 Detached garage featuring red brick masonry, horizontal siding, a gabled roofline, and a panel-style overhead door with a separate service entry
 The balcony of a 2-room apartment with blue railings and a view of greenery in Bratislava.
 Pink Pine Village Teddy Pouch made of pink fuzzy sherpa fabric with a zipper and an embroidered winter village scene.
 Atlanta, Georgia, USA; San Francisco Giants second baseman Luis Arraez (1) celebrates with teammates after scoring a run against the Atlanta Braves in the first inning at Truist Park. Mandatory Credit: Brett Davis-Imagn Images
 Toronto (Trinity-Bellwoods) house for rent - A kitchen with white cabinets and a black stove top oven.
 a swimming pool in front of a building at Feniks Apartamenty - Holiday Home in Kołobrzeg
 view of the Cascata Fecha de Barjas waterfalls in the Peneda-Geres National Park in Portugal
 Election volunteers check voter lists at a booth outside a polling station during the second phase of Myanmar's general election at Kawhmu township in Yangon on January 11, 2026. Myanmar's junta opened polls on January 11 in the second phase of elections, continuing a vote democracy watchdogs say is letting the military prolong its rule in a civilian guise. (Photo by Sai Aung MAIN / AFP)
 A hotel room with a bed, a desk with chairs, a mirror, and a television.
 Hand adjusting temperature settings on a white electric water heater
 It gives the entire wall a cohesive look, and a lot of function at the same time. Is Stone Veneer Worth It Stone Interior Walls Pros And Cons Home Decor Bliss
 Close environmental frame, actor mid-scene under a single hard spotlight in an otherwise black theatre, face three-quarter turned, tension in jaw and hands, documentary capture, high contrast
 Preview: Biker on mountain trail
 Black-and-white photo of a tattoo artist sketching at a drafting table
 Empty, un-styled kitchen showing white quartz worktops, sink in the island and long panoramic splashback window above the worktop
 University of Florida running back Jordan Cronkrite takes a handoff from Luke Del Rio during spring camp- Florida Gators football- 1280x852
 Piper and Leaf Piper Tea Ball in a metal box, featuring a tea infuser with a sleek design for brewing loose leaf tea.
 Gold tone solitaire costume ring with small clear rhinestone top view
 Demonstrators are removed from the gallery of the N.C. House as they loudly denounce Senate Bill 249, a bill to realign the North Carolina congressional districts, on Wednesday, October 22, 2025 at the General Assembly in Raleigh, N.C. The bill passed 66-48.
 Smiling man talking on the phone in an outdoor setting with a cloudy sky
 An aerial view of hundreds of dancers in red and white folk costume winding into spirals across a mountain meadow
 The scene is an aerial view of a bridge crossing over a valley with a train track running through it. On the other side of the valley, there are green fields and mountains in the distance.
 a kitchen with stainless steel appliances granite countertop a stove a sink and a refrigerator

____

> **Work instructions**: Using the listing, count the lines holding the word "stove" and write down that number alone.

> **Exercise output**: 2